At The Guardian, Samira Shackle profiles Muhammad Safdar, an ambulance driver in Karachi, Pakistan, where religious violence, workplace disasters, and multiple explosions are just another day on the job. The Edhi Foundation’s ambulance service, which refuses state money and donations from businesses it deems unethical, is funded largely by donations from “the common man.” Standard work shifts run between 18 and 36 hours, and drivers earn about $1.30 US per day.
The impact of the explosion sent Muhammad Safdar flying backwards. He looked up from where he had landed and saw that the windows of his parked ambulance had shattered. As he tried to pick himself back up, fellow volunteer drivers working for the Edhi ambulance service gathered around him; it looked as if Safdar was bleeding. But he had not suffered any external injuries. “Human flesh got stuck to me,” he recalls now, as we sit in the ambulance control centre in downtown Karachi. “My friends were checking me for injuries, but it was pieces of other people. I was trembling hard and I couldn’t hear my own voice when I spoke. It sounded juddering. I could only hear whistles.”
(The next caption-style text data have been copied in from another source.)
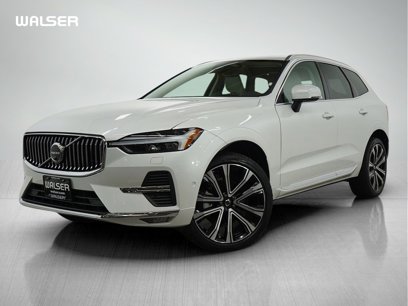 Used 2023 Volvo XC60 B5 Ultimate w/ Climate Package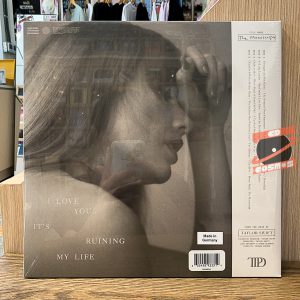 Taylor Swift – The Tortured Poets Department (White LP)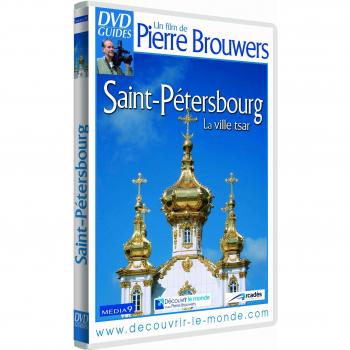 Saint-Pétersbourg : La ville tsar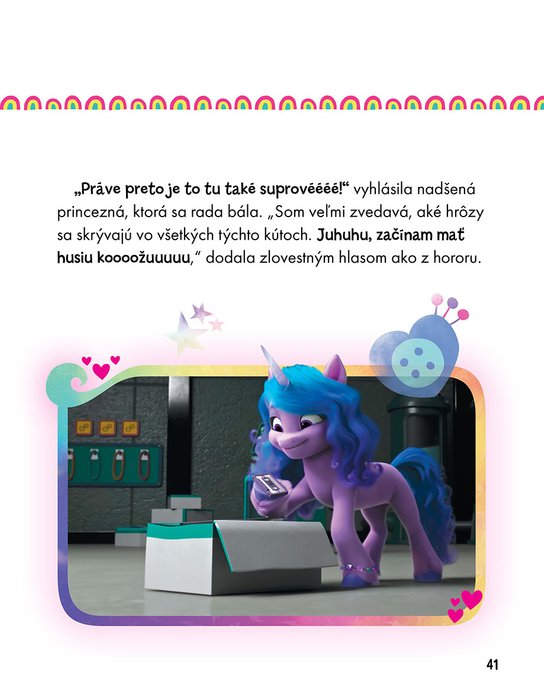 My Little Pony - Nové 5-minútové rozprávky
Sporting red T-shirts emblazoned with bold white letters reading “EDHI”, these workers are a familiar sight at Pakistan’s all-too-common disaster scenes. Here in Karachi, a megalopolis of around 20 million people, there is no state ambulance service.
Like other Edhi ambulance drivers, Safdar is technically a volunteer and works for a basic salary of 4,300 Pakistani rupees a month (£33). A private driver would earn 10,000–15,000 rupees. This basic salary covers the high-risk rescue work; the easier “patient services” jobs – moving people between hospitals and transporting corpses – incur a small fee, so drivers receive a commission of around 100 rupees (76p) per trip. Sometimes patients tip. But clearly, money is not the motivating factor.